UN secretary general calls upon US to lead the way in fighting extremism

The United Nations Secretary-General António Guterres is warning that White supremacy, neo-Nazism and extremism pose an "international threat" and believes US leaders have a "responsibility" to lead in combating the issue. By Veronica Stracqualursi, CNN

(CNN) -- The United Nations Secretary-General António Guterres is warning that White supremacy, neo-Nazism and extremism pose an "international threat" and believes US leaders have a "responsibility" to lead in combating the issue.

"The US is an enormous influence. The soft power of the US is something that, it is clear in culture, in art, in many other aspects. And so what happens in the US inevitably has a strong influence in other parts of the world," Guterres told CNN's Jim Sciutto in an interview Friday.

"And so this kind of natural leadership creates a particular responsibility for United States leaders and for the American communities because indeed what happens here is known everywhere and inevitably reflects in other parts of the world," he added.

Guterres, however, praised the "fantastic demonstrations of anti-racism" in the US and the young activists leading those demonstrations.

Domestic violent extremism poses the "greatest threat" to the US, according to the Homeland Security Department. A number of White supremacists and extremist groups participated in the January 6 attack on the US Capitol, CNN previously reported, and top Capitol security officials testified before Congress last month.

A US intelligence report this week found that White supremacist extremists have the most "concerning" connections outside of the US due to like-minded views in other countries and that a "small number of US (racially or ethnically motivated violent extremists) have traveled abroad to network with like-minded individuals."

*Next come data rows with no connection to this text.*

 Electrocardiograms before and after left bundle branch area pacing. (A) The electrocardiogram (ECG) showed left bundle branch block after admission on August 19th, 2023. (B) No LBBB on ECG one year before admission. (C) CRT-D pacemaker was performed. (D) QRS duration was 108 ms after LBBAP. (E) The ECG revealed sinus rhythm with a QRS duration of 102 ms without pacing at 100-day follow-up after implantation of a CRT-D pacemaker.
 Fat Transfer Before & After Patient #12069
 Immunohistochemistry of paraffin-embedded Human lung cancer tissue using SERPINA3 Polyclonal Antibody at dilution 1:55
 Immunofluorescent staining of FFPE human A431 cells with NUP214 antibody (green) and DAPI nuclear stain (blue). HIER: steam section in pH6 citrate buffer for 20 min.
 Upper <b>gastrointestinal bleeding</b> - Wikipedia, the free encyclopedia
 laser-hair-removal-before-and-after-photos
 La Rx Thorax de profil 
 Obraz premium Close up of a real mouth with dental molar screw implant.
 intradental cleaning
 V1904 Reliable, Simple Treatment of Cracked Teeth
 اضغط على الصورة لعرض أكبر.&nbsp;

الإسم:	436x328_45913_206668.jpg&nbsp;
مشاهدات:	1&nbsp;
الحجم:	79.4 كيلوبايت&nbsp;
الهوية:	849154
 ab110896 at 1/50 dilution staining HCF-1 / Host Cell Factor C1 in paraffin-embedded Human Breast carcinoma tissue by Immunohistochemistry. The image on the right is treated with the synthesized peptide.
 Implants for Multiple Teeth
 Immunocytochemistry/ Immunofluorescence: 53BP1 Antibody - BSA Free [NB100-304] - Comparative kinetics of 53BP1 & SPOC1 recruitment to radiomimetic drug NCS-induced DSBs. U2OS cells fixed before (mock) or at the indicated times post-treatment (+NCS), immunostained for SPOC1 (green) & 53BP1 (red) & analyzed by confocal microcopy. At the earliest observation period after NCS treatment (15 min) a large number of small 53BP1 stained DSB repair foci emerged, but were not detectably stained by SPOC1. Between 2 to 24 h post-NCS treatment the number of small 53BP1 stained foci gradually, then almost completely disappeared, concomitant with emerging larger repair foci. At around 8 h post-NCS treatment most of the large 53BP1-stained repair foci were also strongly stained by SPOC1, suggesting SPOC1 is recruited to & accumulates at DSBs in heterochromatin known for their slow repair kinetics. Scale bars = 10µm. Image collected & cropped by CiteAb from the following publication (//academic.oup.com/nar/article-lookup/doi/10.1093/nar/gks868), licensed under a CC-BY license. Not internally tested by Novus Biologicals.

The Anti-Defamation League also released a report Wednesday saying that it documented more than 5,000 cases of distribution of White supremacist propaganda — the highest amount ever recorded since the group began tracking it in 2016. The Covid-19 pandemic "generated online conspiracy theories and emboldened some far-right domestic extremists to take more public actions," according to the ADL.

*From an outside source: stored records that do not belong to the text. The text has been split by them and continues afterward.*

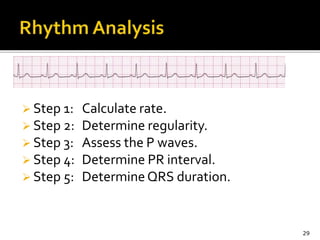  Step 1: Calculate rate.
 Step 2: Determine regularity.
 Step 3: Assess the P waves.
 Step 4: Determine PR interval.
 Step 5: DetermineQRS duration.
29
 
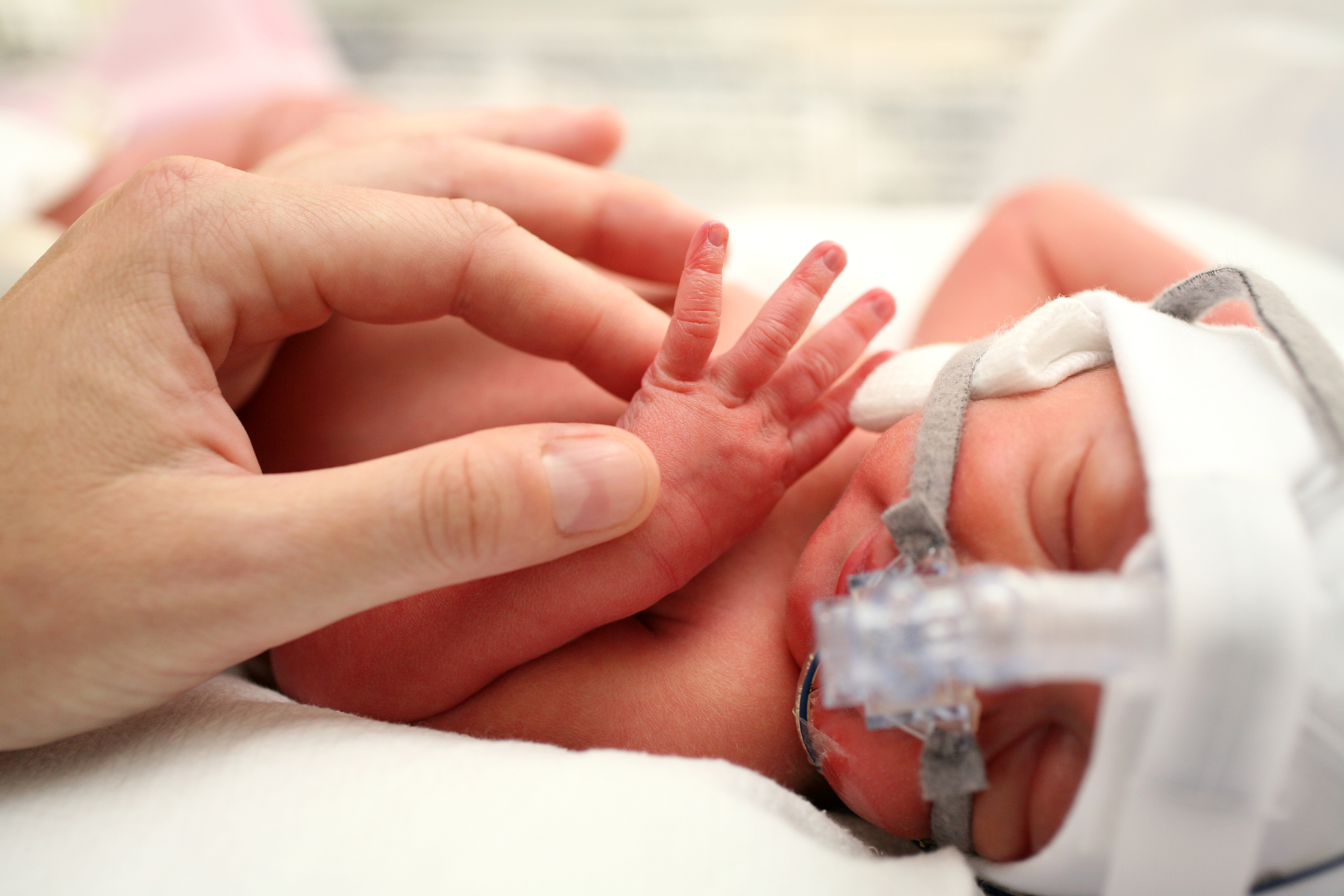 Недоношенные дети роды. Ногти недоношенного ребенка. Новорожденные с экстремально низкой массой тела. Экстремально низкая масса тела новорожденного.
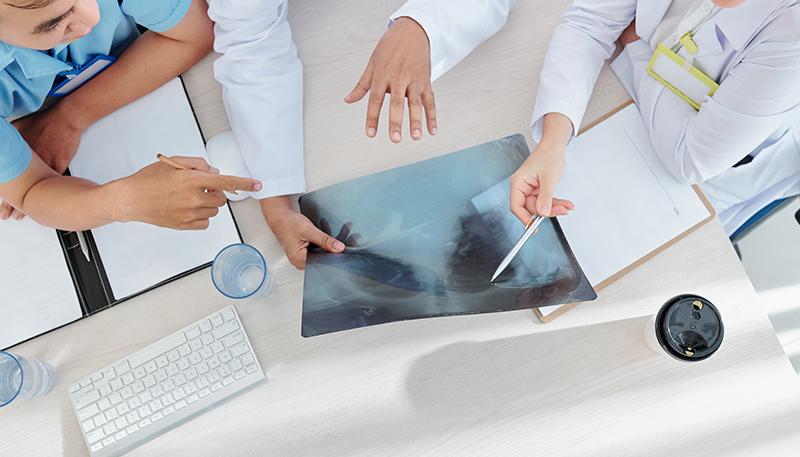 Group of medical workers pointing at chest x-ray and discussing possibility of terminal disease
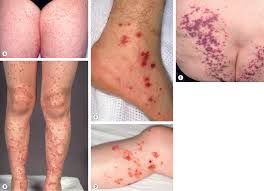 Image result for Vasculitis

Last month, Guterres told the UN Human Rights Council that extremist movements "represent the number one internal security threat in several countries" and that these groups have "exploited" the Covid-19 pandemic to "boost their ranks through social polarization and political and cultural manipulation," according to USA Today.

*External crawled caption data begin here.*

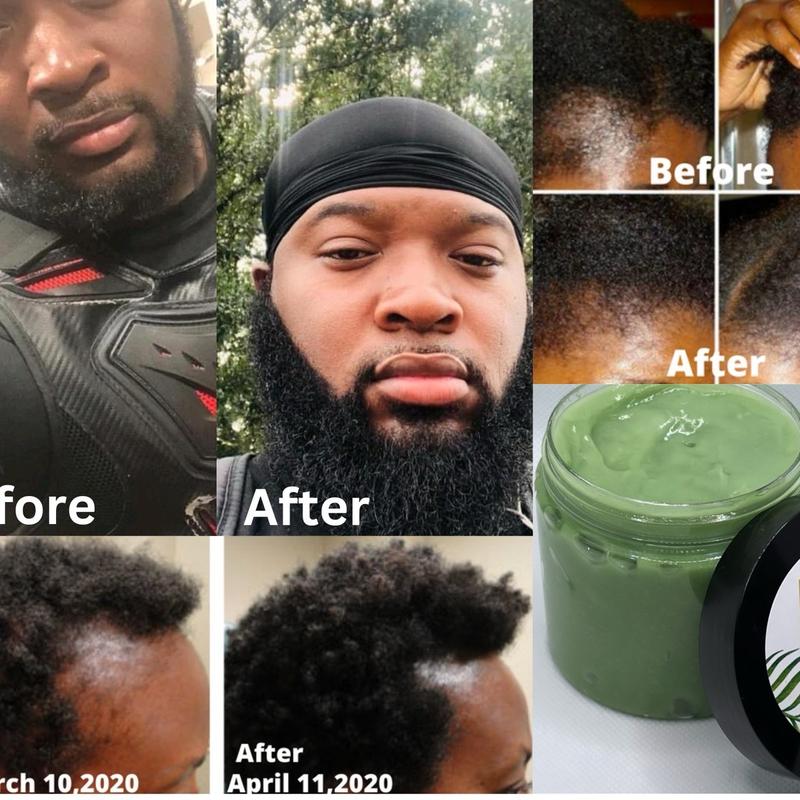 Superior growth grease, all natural hair grease,aloe Vera hair grease, hair growth grease, hair moisturizer, hair growth, thick hair Organic Anti-dandruff, Haircare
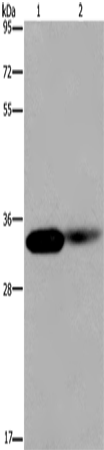 LIMS1 Polyclonal Antibody (E-AB-11365)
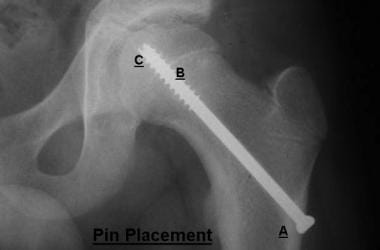 Pin placement (anteroposterior view). A: The entry
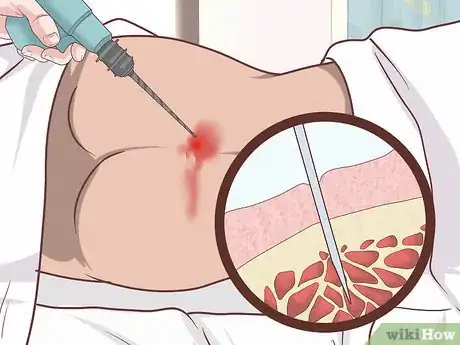 Image intitulée Diagnose Fanconi Anemia Step 17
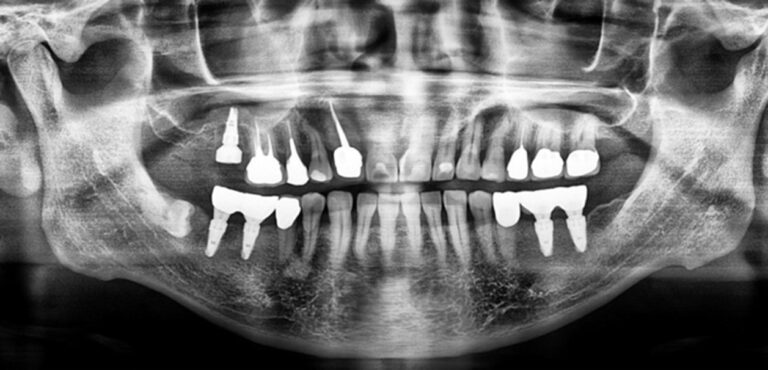 A radiograph directly after surgery following completion of the 5-in-1 Technique (i.e., extraction, implant placement, sinus lift, bone graft, and placement of a wide gingival healing abutment).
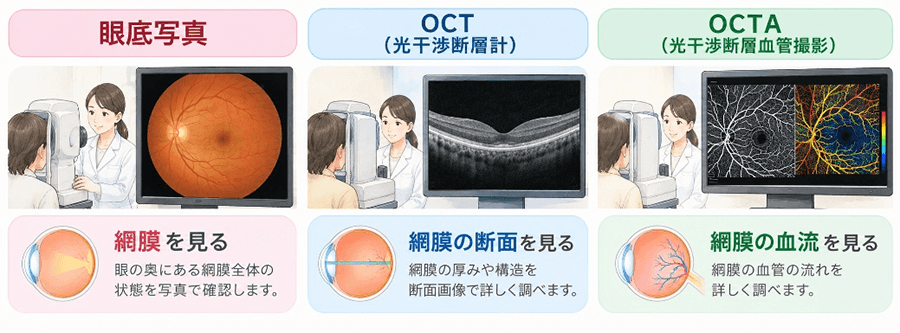 眼底検査。OCT（光干渉断層計）。OCTA（光干渉断層血管撮影）。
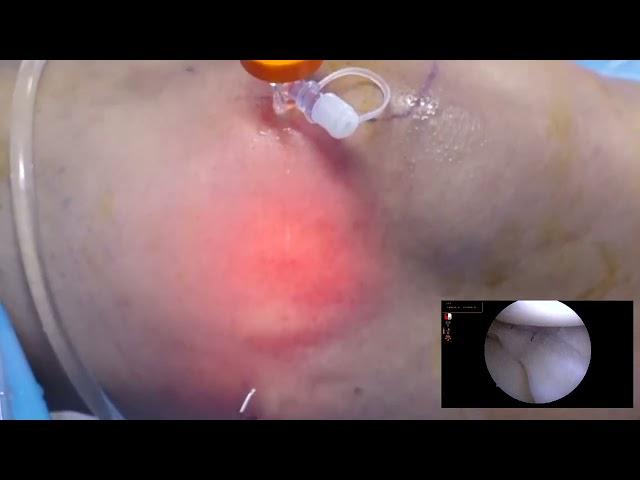 Unedited Live surgery video of Outside in Meniscal repair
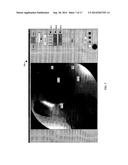 VISUALIZATION GUIDED ACL LOCALIZATION SYSTEM diagram and image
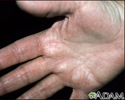 Hyperlinearity in atopic dermatitis - on the palm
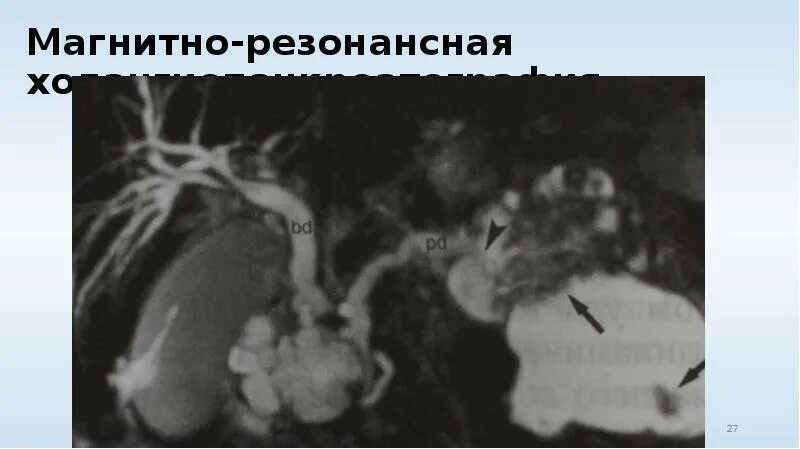 МРХПГ поджелудочной железы. Магнитно-резонансная холангиопанкреатография при ЖКБ. Магнитно резонансная холангиопанкреатография МРХПГ. Холангиопанкреатография мрт.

"This is something that really must mobilize us all," Guterres told CNN on Friday. "It is a cause for us all that believe in universal values, that believe in human fraternity and human dignity."

He warned that international cooperation between extremist groups is becoming "very extensive."

"I think there is permanent intercommunication, there are even mechanisms of mutual recruitment, mutual influence and at the same time we see some of these groups recruiting war veterans, recruiting former members of security forces, having weapons, and becoming a threat to our societies, and in the international sense," he said.

Guterres also offered that to address the issue, "we need to promote our values" and "invest economically, socially, culturally in social cohesion." He called for law enforcement and judicial systems to be trained to address these issues and "make sure that those that misbehave are held accountable."